The court began its analysis with Section 115 of the Delaware General Corporation Law, which authorizes forum clauses that are “consistent with applicable jurisdictional requirements” and that require internal corporate claims to be brought in “the courts in this State.” The court read the phrase “applicable jurisdictional requirements” to include those of federal law—and thus not to authorize a forum clause that would foreclose suit in federal court based on exclusive federal jurisdiction. “By eliminating federal jurisdiction over [plaintiff’s] exclusively federal derivative claims, Boeing’s forum bylaw forecloses suit in a federal court based on federal jurisdiction. That’s exactly what Section 115 was ‘not intended to authorize.’”

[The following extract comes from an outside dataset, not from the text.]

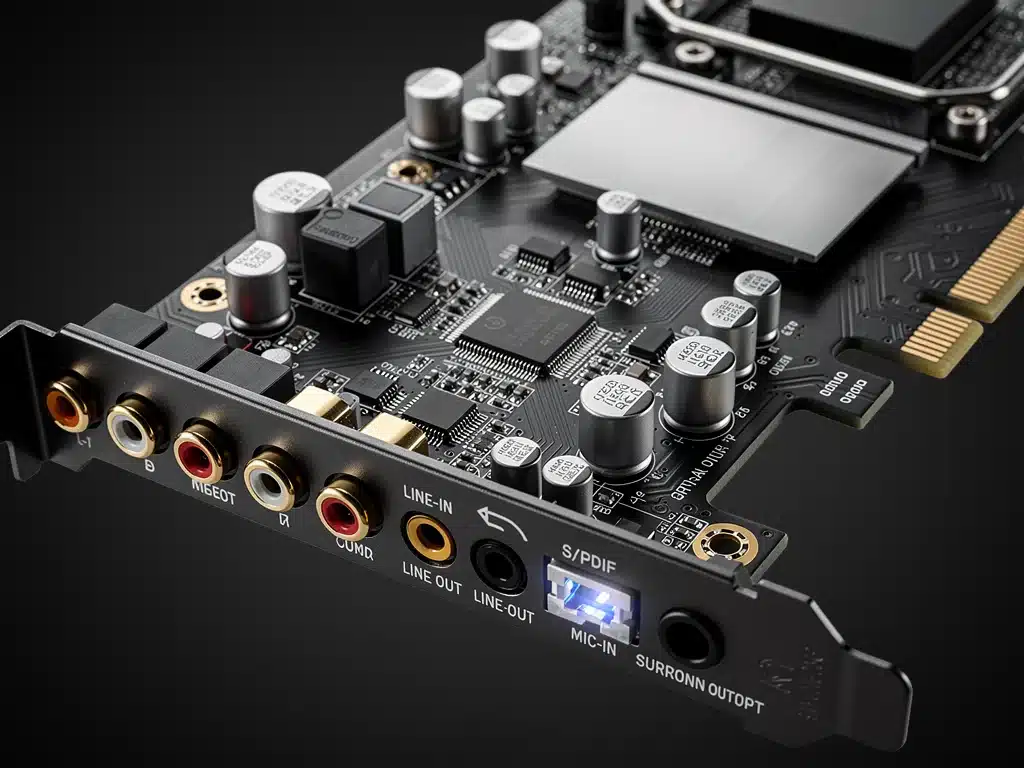 Dettaglio dei connettori e della componentistica di una scheda audio interna di fascia alta per PC gaming.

As for Section 115’s language about “the courts in this State,” the Seventh Circuit “hesitate[d] to place decisive weight solely on a choice of preposition in the statute,” but noted that the federal courts in Delaware are courts “in this State” even though they are not courts “of this State.” “If the statute had said ‘courts of this State,’ the statutory language might have given defendants a better toehold.”

The Seventh Circuit went on to differentiate three circumstances where a forum-restricting bylaw might still be enforceable:

  • When the federal claim brought is under the Securities Act of 1933, rather than the Exchange Act. The Securities Act, unlike the Exchange Act, allows plaintiffs to file suit in state or federal court.  Thus, enforcing a forum clause against plaintiffs asserting Securities Act violations would not foreclose their federal-law claims because the clause would not require a waiver of those claims.  Here, however, the federal claim was an alleged violation of the Exchange Act, a claim that (at least according to the majority) could not be asserted in state court.
  • When a plaintiff raises a facial challenge to a forum clause. In those situations, the plaintiff must show that the bylaw cannot operate lawfully or equitably under any circumstances. Here, however, the plaintiffs argued only that the bylaw was unenforceable as applied to their Exchange Act claim.
  • When a plaintiff’s claim implicates international comity issues. The Seventh Circuit distinguished its prior decision in Bonny v. Society of Lloyd’s, a 1993 ruling that dismissed an Exchange Act claim based on a forum-selection clause because English law provided sufficient remedies for the plaintiffs’ claims. Here, however, the plaintiffs’ claims did not raise any issues of international comity.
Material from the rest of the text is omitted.